Identification and phylogenetic analysis of cellulases. (A) Number of identified cellulases in five decapod crustacean and an amphipod proteomes (B) IQTree maximum likelihood tree showing the evolutionary relationships of GH9 cellulases identified from the selected proteomes. The nodes were colored based on ultrafast bootstrap values and the first three letters in each tip label correspond to the species name. Branch lengths indicate number of substitutions per site. Cdes, Cherax destructor; Cqua, Cherax quadricarinatus; Lvan, Litopenaeus vannamei; Phaw, Parhyale hawaiensis; Pmod, Penaeus monodon; Pvir, Procambarus virginalis.

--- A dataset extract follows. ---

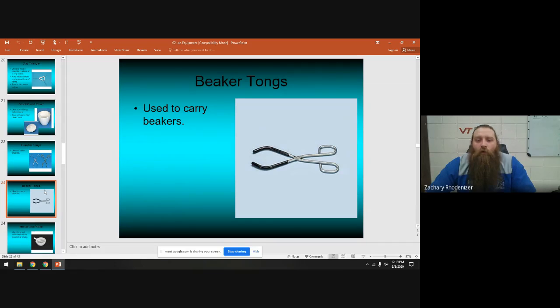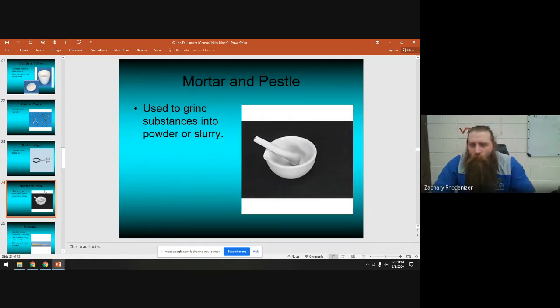Beaker tongs are rubberized — that black material is rubber wrapped around the metal — and can be used to pick up hot beakers and carry them off a hot plate. You don't touch the hot beakers with your hands. Mortar and pestles are used to grind large crystals into a powder. We don't use them very often — usually I'll use them to prep something — but you will see them in the lab.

A common view is that crayfish, in general, have a trophic role primarily as predators (Momot, 1995) may need to be re-assessed, given the antiquity, and diversity of cellulase and related genes in this group. However there also may be wide variation within and among crayfish species and the diet of particular species can vary in time and space (Beatty, 2006; Giling et al., 2009; Johnston et al., 2011) which has contributed to conflicting views. For example, Johnston et al. (2011) found variation between species from the same crayfish community ranging from primarily herbivorous species to primarily carnivorous species. Other species from this crayfish community, including C. destructor, had either mixed diets or switched between plant, and animal diets at different sites. It will, therefore, be of great interest to further examine cellulase diversity and expression in a range of crayfishes species from different environments including under aquaculture conditions and the ability of different crayfish species to utilise plant material in the field and through laboratory trials and how this relates to cellulase gene profiles and their expression.

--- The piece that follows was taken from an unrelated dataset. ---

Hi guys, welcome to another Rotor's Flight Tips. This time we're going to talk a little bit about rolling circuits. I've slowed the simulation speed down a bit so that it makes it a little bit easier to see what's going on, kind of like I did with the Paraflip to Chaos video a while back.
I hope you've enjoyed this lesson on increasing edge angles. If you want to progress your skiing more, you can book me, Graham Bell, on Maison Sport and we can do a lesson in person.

In general, a significant limitation in further advancing the study of the genomics of non-model organisms is the computational resources and time needed to assemble genomes from predominately short reads, even when aided with long reads for scaffolding (Lewin et al., 2018). This problem is further exacerbated for groups with larger repetitive genomes, which means analyses can take months if not years and still lead to poor quality assemblies. In this study, we demonstrate that a high-quality genome assembly for a decapod crustacean with a large (>3 gb) and repetitive genome can be achieved with modest sequencing volumes, that take advantage of rapid and ongoing developments in third generation sequencing technologies, and can be completed in under 1 week of computation time on a high performance desktop machine.

4 Conclusion

This reference genome, along with its annotation, will be useful for future functional, ecological, aquaculture-related and evolutionary genomic studies, and genome-based selection and targeted genetic manipulation of this emerging aquaculture species. Given our finding of an evolutionary proliferation of cellulase genes, we are hoping these data will stimulate new research into the nutritional biology and trophic roles of freshwater crayfish in freshwater ecosystems. We see the continuing advances in Nanopore and other third generation sequencing technologies like the fabled “magic pudding” from a well known Australian children’s story (Norman, 1918), it keeps on “giving”, similar to the continuing inprovements in efficiency, output volume, and accuracy making the intractable, tractable when it comes to genome sequencing and assembly of non-model species. As a consequence we are able to provide a new model with respect to sequencing platforms, hardware configuration and assembly strategy to enable an ultrafast and efficient genome assembly that can be potentially applied to any species, including those with large and repetitive genomes. We anticipate our strategy and methodology will help elevate the study of interesting and important invertebrate genomes.